Phylogenomic and ANI analyses indicated that Achromobacter had the closest relationship with Bordetella and even suggested a very recent common ancestor for these two genera. Bordetella included two phylogenetically distant groups, one group (classical Bordetella subspecies) represented by Bordetella pertussis, Bordetella parapertussis, and Bordetella bronchiseptica (Parkhill et al. 2003) and another group represented by B. avium 197 N and B. petrii DSM12804 (Sebaihia et al. 2006). B. petrii DSM12804 was considered the sole environmental species of Bordetella, as lacking the majority of the virulence genes (e.g., cytotoxic, T3SS or T4SS) (Gross et al. 2008). A previous study proposed B. petrii DSM12804 is a bridge that links pathogens (Bordetella spp.) and environmental isolates (Achromobacter spp.) (Gross et al. 2008). Our result is consistent with this hypothesis but further underlined the close relationship between those two genera and may even suggest the possibility to assign them into a “supergenus.” The similar GC content range (61–68 %) shared by the Achromobacter and Bordetella members seems to strengthen this possibility of formation of a supergenus, since members within the same genus generally have a similar GC content (Lightfield et al. 2011). In addition, a phylogenetic tree based on the conserved proteins of virulence-related factor T3SS is very similar to the core genome phylogeny indicating that T3SS of Achromobacter and Bordetella members were most probably vertically inherited from their common ascendant (Fig. 1b, d). In light of the immediate phylogenetic relatedness, we proposed that the Achromobacter members, along with the Bordetella ones, perhaps inherited the genetic loci related to pathogenicity from the common ancestor, while they were differentiated along different branches of the phylogeny. When sufficient genomic divergence was accumulated, this divergence led to speciation (Cohan 2001). A low degree of overall genome similarity of the gene contents for Achromobacter and Bordetella (Fig. 3) may be the consequence of an evolution process. Nevertheless, the phylogenetic signal tracing evolutionary history of this supergenus was still rather robust. From an evolutionary view, this phylogenetic signal could prompt us to interpret the potential of pathogenesis for Achromobacter (e.g., A. xylosoxidans AXX-A).

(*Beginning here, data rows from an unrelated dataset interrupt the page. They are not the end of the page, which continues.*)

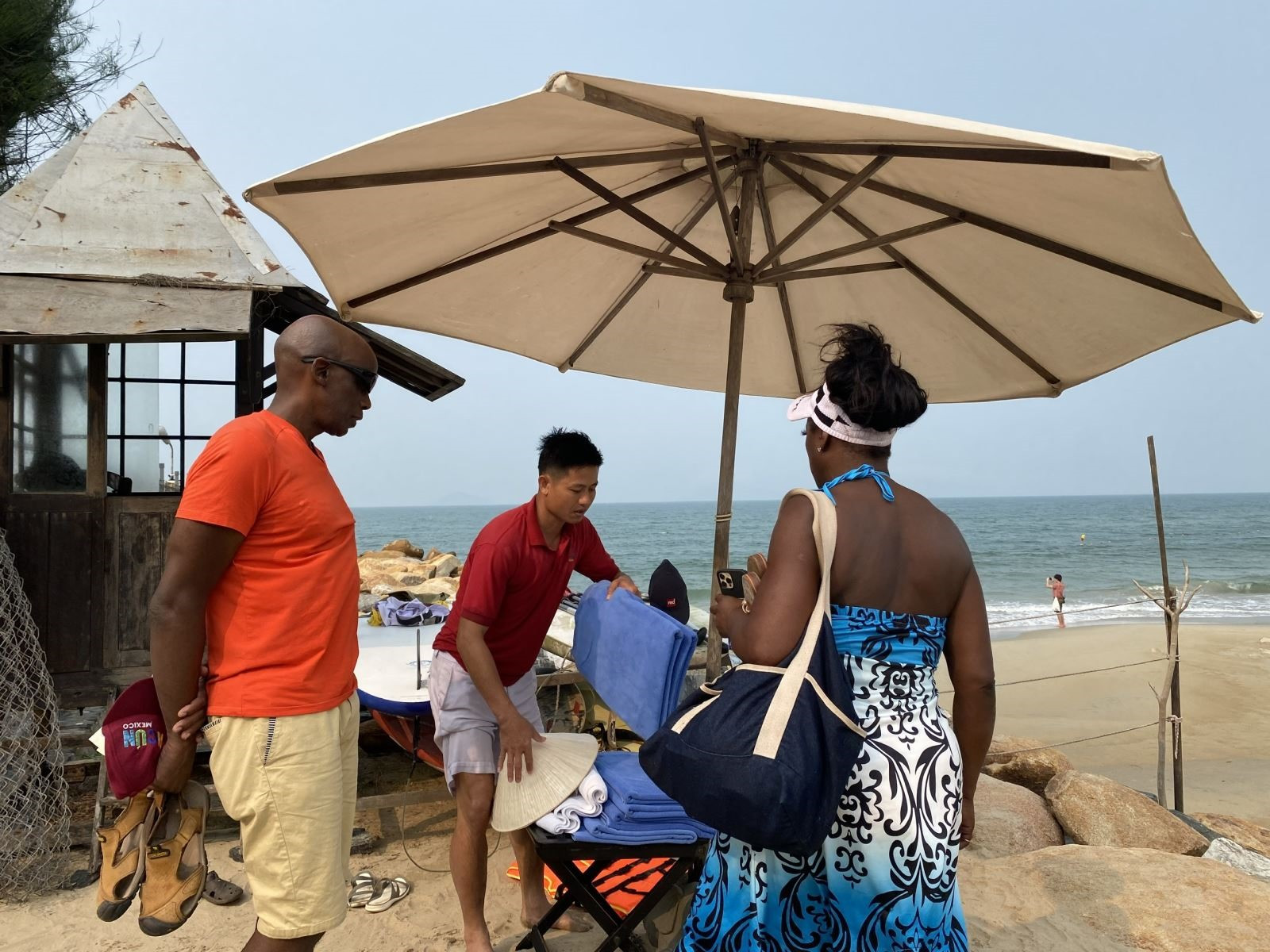 Playing catamaran is very interesting and thrilling; so, it is attractive to both local and foreign visitors, especially the young.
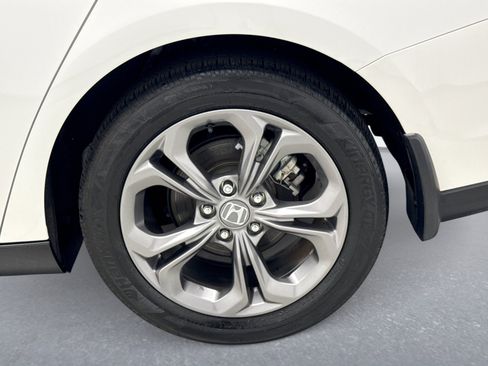 Used 2023 Honda Accord EX-L image 25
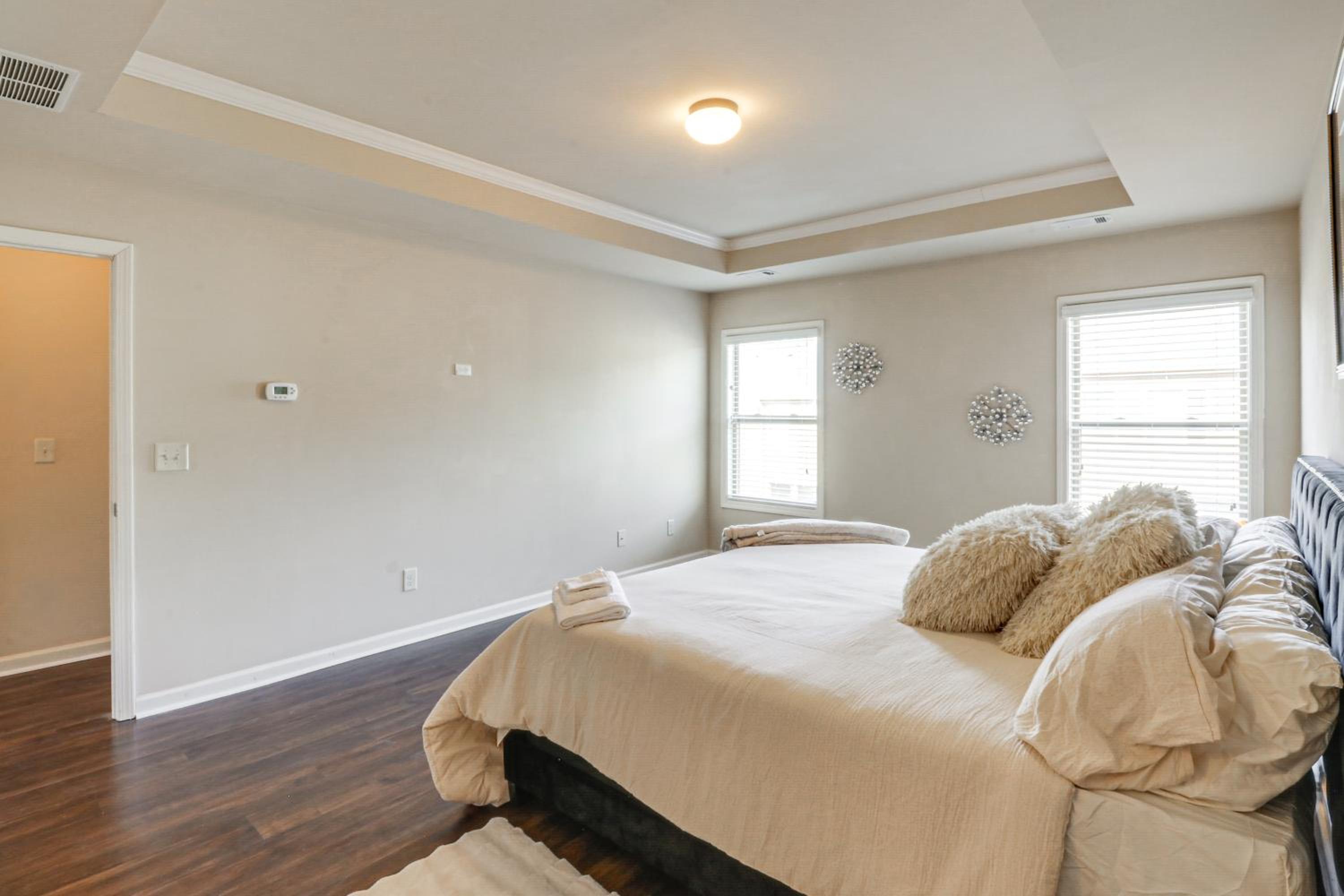 Walk to Park Peaceful Atlanta Townhome with Deck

So far, at the molecular level, little is known about the mechanism of pathogenesis for this potential opportunistic pathogen. For the first time, we revealed the difference of genomic contents between CF-source and environment-source isolates of Achromobacter and identified the putative genetic determinants participated in CF infection by A. xylosoxidans AXX-A. These genes encoded functions mediating the bacterium/host interactions, adherence, colonization, and invasion, which promisingly enabled A. xylosoxidans AXX-A to adapt to a pathogenic lifestyle. Therefore, our study provides genomic evidence that some Achromobacter strains were most probably the actual pathogens, since Achromobacter spp. was still considered as a suspected pathogen because of the lack of definite clue of infection in CF patient. Although several elements potentially involved in pathogenesis were also found within the genomes of environmental isolates, these elements appeared not to be sufficient for host infection. Meanwhile, the T3SS found in A. arsenitoxydans SY8 may suggest the capability of Achromobacter to infect animals (like pig). The key adaptability genetic determinants in A. xylosoxidans AXX-A, A. xylosoxidans A8, and A. piechaudii HLE were unique to their genomic implying that HGT played an essential role in adaptation to specific niches. Finally, despite threats to health, Achromobacter exhibits the attractive properties of aromatic compound degradation and heavy metal resistance.